My heart dropped when I looked through the camera and saw this,’where’s the chick’?  Later I spotted some movements at the belly of the  male adult bird. _DSC0012

What a relief when I saw   the chick as soon as the parent bird flew from the nest. She looked so different from a week ago as more feathers grew. She had outgrown the nest which  had been left unmaintained by the parent birds._DSC0172


Mom  came back to continue shielding the chick from the elements.



04 August, 2010

The Young One: Yellow-Bellied Prinia

1st August 2010, Kemensah, Selangor

When I first saw her I said to myself ‘ This warbler sure has  a long tail’ but the tail looked like that of a Prinia. After a bit of research I now know that she’s a juvenile female  Yellow-Bellied Prinia. ( the adult bird for comparison)


02 August, 2010

Chick’s Progress 1: Whiskered Treeswift

1st August 2010, Kemensah, Selangor

The chick had grown considerably in size over the last 8 days and quite active, moving around on the nest. Although I didn’t see the parent birds feeding  the chick when I was there , I knew they must be feeding her as required. I noticed that the parents had started leaving the chick unattended for longer periods (about 20 minutes ), preening themselves on a nearby tree. ( previous post on the chick)
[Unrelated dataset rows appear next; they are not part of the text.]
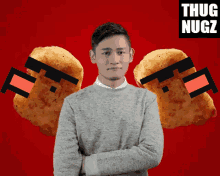 Thugnugz Chicken Nuggets GIF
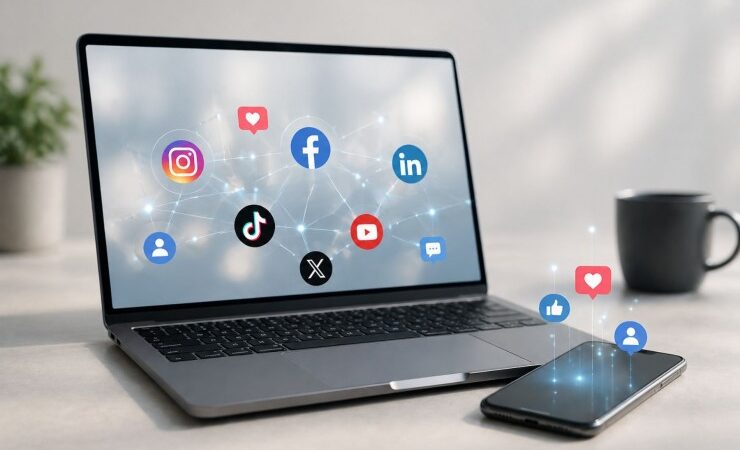 Social Media richtig nutzen: Max Weiss über häufige Fehler und wirksame Strategien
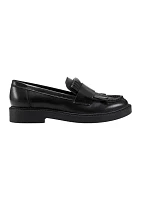 Calixy Almond Toe Slip On Casual Loafers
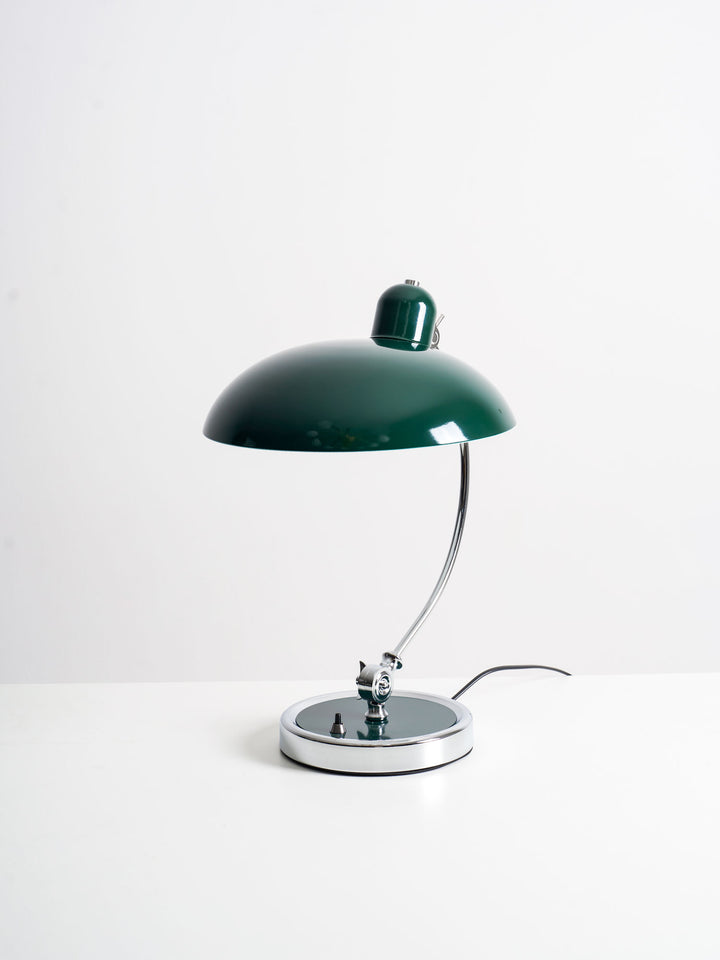 Retro Curve Desk Lamp - Vakkerlight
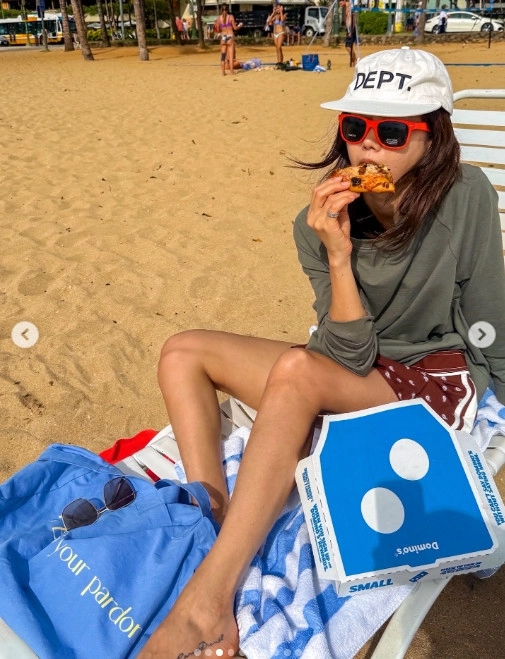 채정안 인스타그램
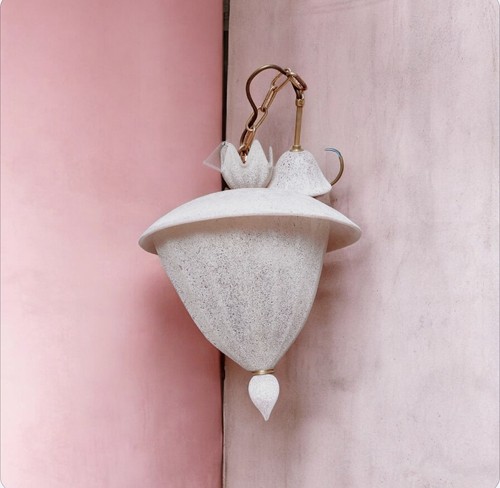 Lampadario vetro murrina - vetro,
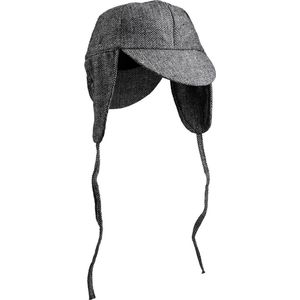 Boland - BOL04240 Sherlock Holmes hoed, meerkleurig, één maat (Ciao Srl BOL04240)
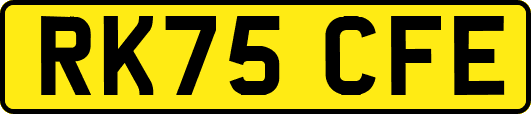 RK75CFE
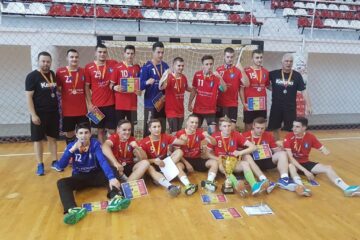 LPS Suceava a câștigat argintul național la juniori I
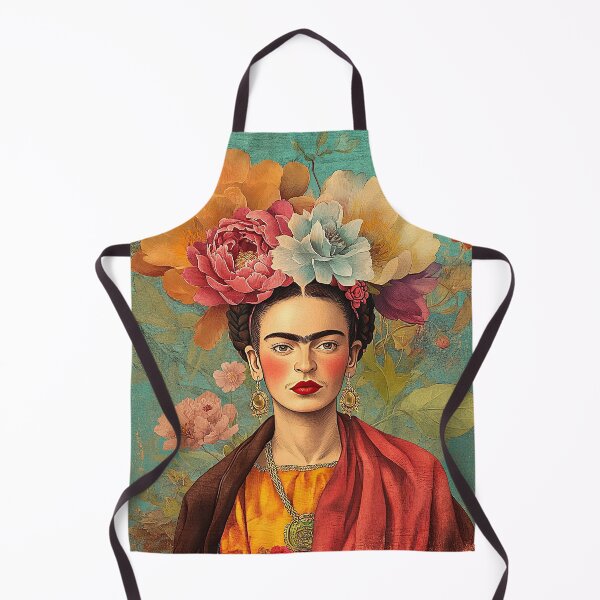 Item preview, Frida Kahlo designed and sold by ArtHouseNiklas.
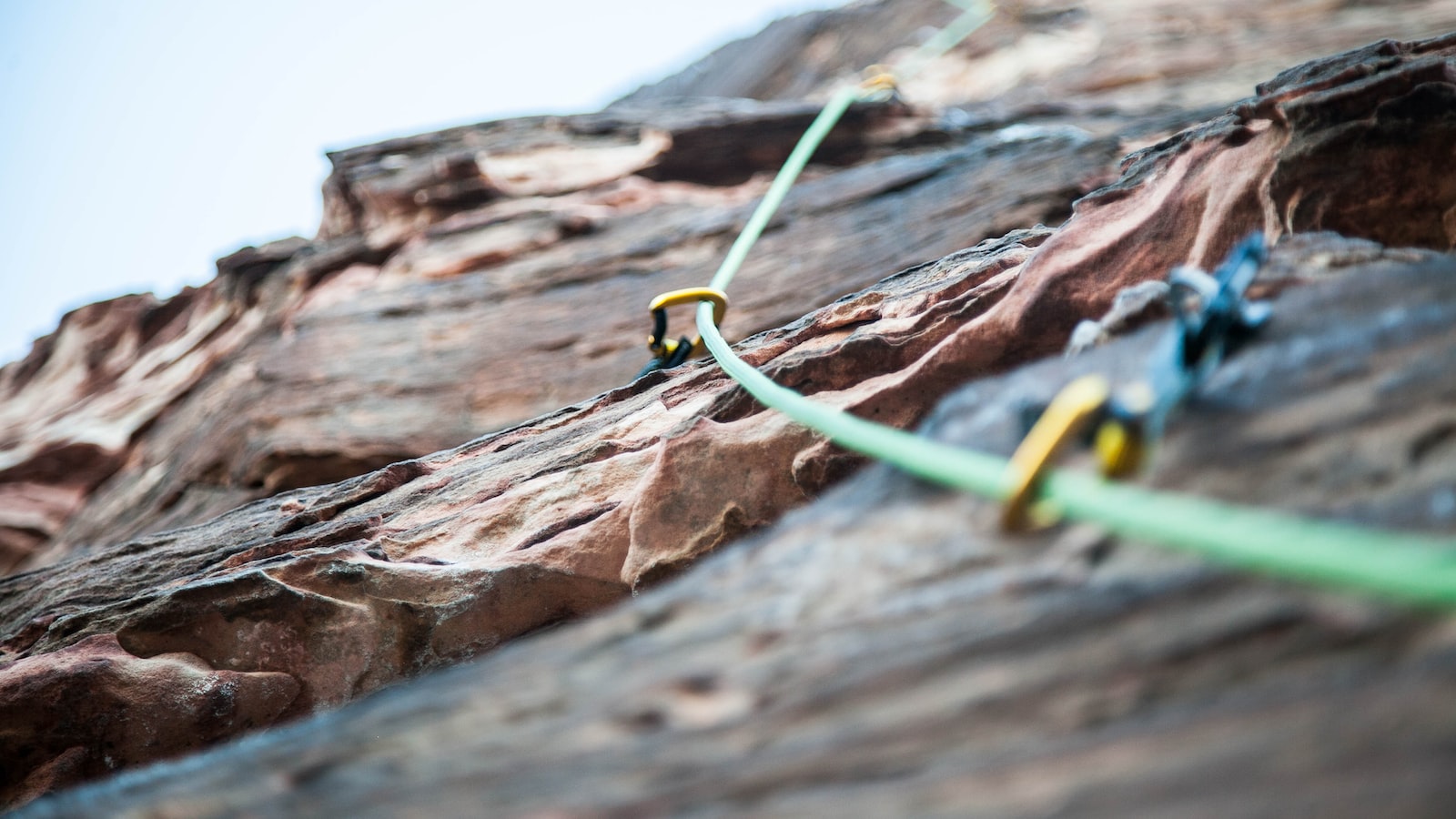 Can I do traditional climbing in Mount Kenya?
No longer blind, she had begun moving her wings.







Notes: Tried using an old manual 2X Nikkor Teleconverter on the 300mm f4 lens to see if I could get better details of the chick. It is not a setup that I would normally consider since you lose 2 f stops with the 2X TC but knowing the subjects would be under bright sunshine I thought I’d give it a go. All settings and focusing had to be done manually. Getting a fast enough shutter speed to freeze motion was still a struggle.